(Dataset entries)
━━━
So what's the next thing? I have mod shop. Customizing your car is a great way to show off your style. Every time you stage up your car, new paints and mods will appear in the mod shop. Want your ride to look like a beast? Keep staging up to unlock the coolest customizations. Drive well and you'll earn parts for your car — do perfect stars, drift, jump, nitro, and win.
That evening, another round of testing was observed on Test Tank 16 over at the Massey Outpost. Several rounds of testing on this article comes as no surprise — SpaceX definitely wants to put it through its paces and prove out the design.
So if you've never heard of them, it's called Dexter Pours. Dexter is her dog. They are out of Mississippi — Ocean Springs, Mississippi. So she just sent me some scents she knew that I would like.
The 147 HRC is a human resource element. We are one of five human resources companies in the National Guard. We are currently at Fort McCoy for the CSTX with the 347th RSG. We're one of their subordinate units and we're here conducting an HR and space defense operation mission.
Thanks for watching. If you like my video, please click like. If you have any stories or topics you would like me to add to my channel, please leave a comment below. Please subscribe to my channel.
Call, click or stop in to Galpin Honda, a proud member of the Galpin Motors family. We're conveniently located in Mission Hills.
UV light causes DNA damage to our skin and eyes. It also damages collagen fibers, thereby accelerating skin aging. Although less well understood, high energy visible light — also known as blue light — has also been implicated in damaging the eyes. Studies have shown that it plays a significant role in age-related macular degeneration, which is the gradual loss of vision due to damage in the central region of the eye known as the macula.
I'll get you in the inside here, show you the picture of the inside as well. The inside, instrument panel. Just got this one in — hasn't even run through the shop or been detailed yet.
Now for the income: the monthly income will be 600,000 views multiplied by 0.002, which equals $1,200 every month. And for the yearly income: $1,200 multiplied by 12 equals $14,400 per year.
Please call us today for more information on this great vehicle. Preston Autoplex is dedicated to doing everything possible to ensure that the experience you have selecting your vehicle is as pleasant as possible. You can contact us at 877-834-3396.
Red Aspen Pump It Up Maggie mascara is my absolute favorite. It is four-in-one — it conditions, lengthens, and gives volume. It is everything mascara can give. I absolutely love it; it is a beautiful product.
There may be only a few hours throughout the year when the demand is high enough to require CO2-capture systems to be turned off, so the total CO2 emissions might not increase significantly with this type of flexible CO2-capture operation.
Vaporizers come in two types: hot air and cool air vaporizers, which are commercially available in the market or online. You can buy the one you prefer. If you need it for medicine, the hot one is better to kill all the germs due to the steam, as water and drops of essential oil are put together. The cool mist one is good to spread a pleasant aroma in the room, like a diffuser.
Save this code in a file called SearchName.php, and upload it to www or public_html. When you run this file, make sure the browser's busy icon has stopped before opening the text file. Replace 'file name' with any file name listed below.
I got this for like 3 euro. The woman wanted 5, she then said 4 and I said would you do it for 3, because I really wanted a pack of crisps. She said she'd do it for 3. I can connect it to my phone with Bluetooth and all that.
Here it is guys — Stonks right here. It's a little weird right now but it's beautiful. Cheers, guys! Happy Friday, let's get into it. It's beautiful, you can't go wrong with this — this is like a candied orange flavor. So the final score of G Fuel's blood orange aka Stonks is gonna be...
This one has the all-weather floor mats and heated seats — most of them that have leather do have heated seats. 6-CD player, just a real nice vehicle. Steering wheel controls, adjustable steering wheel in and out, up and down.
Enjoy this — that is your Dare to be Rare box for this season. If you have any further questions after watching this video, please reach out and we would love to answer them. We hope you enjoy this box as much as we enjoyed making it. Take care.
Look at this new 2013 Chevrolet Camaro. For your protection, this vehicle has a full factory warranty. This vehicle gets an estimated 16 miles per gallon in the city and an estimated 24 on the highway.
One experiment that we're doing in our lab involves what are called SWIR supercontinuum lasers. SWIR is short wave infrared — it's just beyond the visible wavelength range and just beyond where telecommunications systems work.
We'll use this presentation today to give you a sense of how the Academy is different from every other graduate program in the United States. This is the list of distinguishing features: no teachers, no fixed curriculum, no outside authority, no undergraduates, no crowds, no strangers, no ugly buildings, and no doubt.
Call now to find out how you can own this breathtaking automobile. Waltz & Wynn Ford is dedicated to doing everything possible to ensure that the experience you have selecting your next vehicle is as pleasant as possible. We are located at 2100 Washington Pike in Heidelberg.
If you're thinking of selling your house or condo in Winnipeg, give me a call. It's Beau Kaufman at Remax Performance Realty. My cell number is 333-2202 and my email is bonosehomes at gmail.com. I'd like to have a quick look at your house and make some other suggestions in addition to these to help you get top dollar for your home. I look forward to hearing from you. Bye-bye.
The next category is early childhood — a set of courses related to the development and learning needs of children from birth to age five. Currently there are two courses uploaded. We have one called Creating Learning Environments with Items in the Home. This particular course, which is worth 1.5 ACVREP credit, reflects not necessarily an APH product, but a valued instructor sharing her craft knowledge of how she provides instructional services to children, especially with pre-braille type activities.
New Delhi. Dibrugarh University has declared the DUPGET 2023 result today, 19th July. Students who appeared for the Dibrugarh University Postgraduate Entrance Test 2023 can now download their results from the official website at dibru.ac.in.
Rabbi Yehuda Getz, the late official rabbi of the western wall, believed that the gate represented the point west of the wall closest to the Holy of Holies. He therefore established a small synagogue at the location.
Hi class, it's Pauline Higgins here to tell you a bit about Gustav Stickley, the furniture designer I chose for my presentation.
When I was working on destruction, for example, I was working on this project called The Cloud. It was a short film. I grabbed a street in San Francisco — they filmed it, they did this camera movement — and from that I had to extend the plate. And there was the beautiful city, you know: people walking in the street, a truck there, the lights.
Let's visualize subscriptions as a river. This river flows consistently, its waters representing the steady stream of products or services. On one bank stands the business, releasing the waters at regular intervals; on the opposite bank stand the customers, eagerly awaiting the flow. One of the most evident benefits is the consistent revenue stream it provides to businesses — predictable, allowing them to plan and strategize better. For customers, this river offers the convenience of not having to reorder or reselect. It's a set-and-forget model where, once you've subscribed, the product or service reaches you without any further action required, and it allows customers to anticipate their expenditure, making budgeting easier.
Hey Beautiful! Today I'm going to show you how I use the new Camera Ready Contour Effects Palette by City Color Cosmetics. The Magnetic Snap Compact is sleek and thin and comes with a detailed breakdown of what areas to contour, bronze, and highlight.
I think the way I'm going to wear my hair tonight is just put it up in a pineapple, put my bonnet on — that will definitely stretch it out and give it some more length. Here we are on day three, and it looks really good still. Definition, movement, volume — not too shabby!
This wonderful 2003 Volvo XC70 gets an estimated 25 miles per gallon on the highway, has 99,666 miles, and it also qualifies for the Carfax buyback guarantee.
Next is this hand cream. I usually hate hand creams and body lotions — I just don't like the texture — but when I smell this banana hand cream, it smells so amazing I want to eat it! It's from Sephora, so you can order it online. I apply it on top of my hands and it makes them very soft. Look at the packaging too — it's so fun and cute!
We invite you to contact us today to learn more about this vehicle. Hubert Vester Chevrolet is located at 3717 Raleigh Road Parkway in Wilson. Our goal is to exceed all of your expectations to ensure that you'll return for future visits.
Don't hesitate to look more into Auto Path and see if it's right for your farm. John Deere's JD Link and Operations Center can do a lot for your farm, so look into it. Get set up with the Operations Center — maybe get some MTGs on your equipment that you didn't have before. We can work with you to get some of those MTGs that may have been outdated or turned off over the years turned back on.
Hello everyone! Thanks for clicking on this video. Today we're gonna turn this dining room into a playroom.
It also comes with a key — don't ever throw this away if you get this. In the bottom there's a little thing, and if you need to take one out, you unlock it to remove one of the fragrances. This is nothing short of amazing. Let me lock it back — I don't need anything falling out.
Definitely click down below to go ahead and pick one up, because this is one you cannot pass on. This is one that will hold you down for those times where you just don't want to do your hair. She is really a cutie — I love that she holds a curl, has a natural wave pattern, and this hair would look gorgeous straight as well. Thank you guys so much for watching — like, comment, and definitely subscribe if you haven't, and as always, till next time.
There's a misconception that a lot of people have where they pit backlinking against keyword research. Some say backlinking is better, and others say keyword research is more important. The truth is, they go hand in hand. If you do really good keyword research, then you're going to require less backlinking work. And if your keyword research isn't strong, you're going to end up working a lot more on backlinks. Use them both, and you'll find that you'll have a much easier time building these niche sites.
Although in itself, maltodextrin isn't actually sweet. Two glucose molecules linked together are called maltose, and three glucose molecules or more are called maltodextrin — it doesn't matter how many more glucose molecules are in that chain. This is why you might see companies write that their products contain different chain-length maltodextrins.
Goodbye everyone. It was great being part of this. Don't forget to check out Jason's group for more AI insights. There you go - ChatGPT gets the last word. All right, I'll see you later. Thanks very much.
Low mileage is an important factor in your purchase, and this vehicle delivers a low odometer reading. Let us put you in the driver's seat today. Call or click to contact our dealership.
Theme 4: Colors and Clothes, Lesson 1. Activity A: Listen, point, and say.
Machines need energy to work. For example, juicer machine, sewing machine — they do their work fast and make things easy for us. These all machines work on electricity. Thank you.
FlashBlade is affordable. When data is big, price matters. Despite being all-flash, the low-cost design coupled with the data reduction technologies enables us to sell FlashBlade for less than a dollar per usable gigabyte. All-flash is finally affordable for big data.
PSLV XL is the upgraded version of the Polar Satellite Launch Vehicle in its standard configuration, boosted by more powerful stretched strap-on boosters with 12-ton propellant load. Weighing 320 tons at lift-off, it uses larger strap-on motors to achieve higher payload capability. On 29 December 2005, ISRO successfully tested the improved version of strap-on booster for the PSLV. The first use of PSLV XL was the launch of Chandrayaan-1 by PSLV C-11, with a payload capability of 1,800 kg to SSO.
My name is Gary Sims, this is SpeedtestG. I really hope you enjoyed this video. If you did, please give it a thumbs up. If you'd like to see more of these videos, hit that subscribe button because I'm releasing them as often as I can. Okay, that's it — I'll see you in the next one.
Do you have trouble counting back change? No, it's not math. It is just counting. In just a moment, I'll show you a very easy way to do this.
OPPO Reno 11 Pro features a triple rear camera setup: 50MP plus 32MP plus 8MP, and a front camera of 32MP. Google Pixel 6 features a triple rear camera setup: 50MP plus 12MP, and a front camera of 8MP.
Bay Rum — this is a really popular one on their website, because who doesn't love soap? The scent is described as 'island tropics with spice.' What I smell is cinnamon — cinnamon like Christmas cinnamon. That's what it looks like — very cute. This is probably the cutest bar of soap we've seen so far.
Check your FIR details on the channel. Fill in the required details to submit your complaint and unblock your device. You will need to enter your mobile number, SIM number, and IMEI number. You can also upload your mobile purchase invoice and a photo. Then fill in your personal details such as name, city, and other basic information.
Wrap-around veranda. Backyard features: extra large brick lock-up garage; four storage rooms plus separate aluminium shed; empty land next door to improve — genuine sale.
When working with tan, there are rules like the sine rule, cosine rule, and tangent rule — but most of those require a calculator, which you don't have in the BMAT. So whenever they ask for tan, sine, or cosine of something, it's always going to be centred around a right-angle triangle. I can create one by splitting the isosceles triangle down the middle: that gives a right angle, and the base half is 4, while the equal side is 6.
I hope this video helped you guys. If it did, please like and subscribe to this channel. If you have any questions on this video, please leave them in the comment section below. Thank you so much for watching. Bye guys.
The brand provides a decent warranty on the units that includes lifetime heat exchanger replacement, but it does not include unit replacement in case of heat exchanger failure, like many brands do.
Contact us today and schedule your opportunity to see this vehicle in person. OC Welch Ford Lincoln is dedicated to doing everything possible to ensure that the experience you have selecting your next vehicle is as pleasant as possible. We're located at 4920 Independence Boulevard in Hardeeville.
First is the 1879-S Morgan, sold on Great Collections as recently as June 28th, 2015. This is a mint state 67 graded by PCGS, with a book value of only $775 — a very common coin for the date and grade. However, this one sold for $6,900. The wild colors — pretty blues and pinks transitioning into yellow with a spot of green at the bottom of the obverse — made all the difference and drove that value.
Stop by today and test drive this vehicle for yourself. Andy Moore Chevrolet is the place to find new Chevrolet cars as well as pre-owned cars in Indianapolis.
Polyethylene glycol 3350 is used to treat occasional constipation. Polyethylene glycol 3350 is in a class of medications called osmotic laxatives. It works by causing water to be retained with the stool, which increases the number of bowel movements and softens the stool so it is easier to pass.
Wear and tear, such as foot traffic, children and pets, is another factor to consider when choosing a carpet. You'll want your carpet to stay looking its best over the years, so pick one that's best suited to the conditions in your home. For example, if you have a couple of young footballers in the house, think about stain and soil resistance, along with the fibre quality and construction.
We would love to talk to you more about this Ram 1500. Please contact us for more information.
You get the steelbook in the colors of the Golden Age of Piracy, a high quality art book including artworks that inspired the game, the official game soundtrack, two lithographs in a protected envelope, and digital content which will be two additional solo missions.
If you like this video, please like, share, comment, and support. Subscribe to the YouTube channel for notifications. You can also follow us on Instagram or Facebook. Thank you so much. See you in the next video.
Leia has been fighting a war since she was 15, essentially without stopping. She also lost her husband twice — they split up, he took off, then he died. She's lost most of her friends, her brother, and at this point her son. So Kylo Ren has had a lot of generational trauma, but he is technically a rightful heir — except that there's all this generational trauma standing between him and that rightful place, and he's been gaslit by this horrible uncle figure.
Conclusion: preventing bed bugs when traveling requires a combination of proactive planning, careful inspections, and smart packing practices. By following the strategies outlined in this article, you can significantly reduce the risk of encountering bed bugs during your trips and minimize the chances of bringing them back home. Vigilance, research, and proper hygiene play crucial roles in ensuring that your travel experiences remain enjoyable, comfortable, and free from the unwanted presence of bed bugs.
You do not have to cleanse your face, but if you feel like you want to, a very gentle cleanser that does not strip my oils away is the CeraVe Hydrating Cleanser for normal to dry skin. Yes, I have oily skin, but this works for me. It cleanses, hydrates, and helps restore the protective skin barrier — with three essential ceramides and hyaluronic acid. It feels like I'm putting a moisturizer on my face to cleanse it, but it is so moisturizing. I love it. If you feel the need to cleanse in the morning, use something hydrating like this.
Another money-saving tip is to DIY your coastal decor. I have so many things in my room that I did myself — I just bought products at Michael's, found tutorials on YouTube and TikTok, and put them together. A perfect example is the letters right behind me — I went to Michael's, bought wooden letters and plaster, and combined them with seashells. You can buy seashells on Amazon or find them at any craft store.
━━━
* [Work instruction]: One stretch of the lines above is wanted, from the line that contains "I'll get you" through the line that contains "Here it is guys". Output it exactly.

* [Response area]:
I'll get you in the inside here, show you the picture of the inside as well. The inside, instrument panel. Just got this one in — hasn't even run through the shop or been detailed yet.
Now for the income: the monthly income will be 600,000 views multiplied by 0.002, which equals $1,200 every month. And for the yearly income: $1,200 multiplied by 12 equals $14,400 per year.
Please call us today for more information on this great vehicle. Preston Autoplex is dedicated to doing everything possible to ensure that the experience you have selecting your vehicle is as pleasant as possible. You can contact us at 877-834-3396.
Red Aspen Pump It Up Maggie mascara is my absolute favorite. It is four-in-one — it conditions, lengthens, and gives volume. It is everything mascara can give. I absolutely love it; it is a beautiful product.
There may be only a few hours throughout the year when the demand is high enough to require CO2-capture systems to be turned off, so the total CO2 emissions might not increase significantly with this type of flexible CO2-capture operation.
Vaporizers come in two types: hot air and cool air vaporizers, which are commercially available in the market or online. You can buy the one you prefer. If you need it for medicine, the hot one is better to kill all the germs due to the steam, as water and drops of essential oil are put together. The cool mist one is good to spread a pleasant aroma in the room, like a diffuser.
Save this code in a file called SearchName.php, and upload it to www or public_html. When you run this file, make sure the browser's busy icon has stopped before opening the text file. Replace 'file name' with any file name listed below.
I got this for like 3 euro. The woman wanted 5, she then said 4 and I said would you do it for 3, because I really wanted a pack of crisps. She said she'd do it for 3. I can connect it to my phone with Bluetooth and all that.
Here it is guys — Stonks right here. It's a little weird right now but it's beautiful. Cheers, guys! Happy Friday, let's get into it. It's beautiful, you can't go wrong with this — this is like a candied orange flavor. So the final score of G Fuel's blood orange aka Stonks is gonna be...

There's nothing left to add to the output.